Confiance et bienveillance

Aujourd'hui, ces troubles sont encore mal traités, alors que selon la Haute autorité de santé, 1,5% des jeunes de 11 à 20 ans en souffrent - c'est la tranche d'âge la plus touchée. Après avoir publié en 2010 une série de recommandations sur l'anorexie mentale, la HAS publie donc ce jeudi un ensemble de recommandations sur la boulimie et l'hyperphagie boulimique. Des recommandations qui prennent la forme de fiches pratiques destinées aux professionnels de santé mais aussi aux proches et aux malades eux-mêmes.

Et ces conseils touchent d'abord le repérage de ce trouble, rendu d'autant plus complexe par le fait que les patients n'osent pas parler de leurs crises. Ainsi, la HAS recommande à la fois aux patients de choisir un professionnel de santé avec lequel ils se sentent en confiance, et aux praticiens de garder en tête que ces troubles ne sont pas liés à un manque de volonté, mais qu'ils nécessitent de vrais soins, et ainsi "prendre en considération la souffrance de la personne dans sa globalité, avec bienveillance et sans jugement".

Signes annonciateurs

Pour aider au repérage de ces troubles, une autre fiche fait une liste des situations à risque et des signes cliniques d'appel qui doivent tout de suite alerter les professionnels de santé mais aussi l'entourage du patient : ce peut être des habitudes alimentaires restrictives, un usage inapproprié de laxatifs, une demande de régime amincissant, ou encore des signes d'abrasions sur le dos de la main qui peuvent révéler des vomissements. En effet, la détection est souvent difficile à l'œil nu en raison des mécanismes compensatoires des personnes boulimiques : ainsi, une pratique trop intensive du sport peut aussi être signe révélateur d'une boulimie.

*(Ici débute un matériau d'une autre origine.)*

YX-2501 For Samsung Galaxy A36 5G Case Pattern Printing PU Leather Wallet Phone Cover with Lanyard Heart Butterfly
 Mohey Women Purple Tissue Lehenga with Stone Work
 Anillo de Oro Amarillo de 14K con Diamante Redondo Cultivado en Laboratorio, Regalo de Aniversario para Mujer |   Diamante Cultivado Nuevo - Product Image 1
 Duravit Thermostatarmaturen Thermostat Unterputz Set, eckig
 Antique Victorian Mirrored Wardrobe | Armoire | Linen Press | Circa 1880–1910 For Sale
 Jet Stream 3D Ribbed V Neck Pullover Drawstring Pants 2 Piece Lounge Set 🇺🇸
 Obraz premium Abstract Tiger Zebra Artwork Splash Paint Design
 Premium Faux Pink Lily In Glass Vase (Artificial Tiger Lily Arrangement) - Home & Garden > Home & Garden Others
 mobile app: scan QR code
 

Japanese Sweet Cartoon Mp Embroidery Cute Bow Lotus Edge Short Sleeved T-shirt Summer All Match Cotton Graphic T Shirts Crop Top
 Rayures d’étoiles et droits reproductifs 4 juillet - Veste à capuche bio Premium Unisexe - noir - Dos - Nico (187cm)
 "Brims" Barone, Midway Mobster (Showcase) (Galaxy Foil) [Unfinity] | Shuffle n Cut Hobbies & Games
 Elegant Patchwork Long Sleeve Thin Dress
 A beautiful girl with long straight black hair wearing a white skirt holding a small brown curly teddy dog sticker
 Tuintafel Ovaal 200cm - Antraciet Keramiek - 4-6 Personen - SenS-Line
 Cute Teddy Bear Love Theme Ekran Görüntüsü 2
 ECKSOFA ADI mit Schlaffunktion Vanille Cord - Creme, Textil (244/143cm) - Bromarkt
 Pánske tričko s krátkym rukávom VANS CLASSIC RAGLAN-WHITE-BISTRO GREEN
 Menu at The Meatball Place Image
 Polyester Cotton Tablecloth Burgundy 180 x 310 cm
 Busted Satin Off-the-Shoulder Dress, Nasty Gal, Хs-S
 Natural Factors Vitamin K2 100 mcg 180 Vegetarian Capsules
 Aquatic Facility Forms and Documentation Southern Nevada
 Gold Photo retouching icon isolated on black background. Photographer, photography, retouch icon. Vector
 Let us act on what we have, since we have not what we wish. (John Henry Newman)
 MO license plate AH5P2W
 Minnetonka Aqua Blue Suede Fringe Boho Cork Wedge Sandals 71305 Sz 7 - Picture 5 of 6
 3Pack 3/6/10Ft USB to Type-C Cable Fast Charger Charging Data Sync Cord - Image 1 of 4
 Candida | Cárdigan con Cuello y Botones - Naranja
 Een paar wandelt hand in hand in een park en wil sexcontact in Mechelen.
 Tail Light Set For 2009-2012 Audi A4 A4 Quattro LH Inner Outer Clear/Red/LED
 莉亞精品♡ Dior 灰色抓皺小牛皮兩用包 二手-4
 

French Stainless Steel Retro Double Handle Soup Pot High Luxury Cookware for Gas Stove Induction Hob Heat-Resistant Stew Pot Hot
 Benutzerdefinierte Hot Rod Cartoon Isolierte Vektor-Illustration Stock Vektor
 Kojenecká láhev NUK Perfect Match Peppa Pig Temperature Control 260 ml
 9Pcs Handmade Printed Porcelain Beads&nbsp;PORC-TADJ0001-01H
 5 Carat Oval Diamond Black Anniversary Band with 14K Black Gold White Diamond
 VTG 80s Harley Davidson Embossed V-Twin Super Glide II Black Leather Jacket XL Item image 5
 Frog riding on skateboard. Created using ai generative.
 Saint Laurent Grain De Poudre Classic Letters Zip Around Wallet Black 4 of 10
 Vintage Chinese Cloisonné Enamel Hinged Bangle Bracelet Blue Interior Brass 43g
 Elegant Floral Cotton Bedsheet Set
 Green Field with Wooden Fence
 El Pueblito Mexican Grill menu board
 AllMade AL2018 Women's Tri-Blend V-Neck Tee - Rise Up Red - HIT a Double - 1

Ces recommandations s'appliquent en particulier aux professionnels de santé qui peuvent détecter en première ligne les troubles évoqués : les dentistes, les gynécologues ou même les urgentistes. La HAS met d'autant plus l'accent sur la nécessité de prendre en charge la boulimie et l'hyperphagie boulimique pour traiter les troubles psychologiques associés : elle rappelle que ce genre de comportements présente un risque accru de tentatives de suicide, et sont fréquemment associés à des dépressions ou des troubles de la personnalité.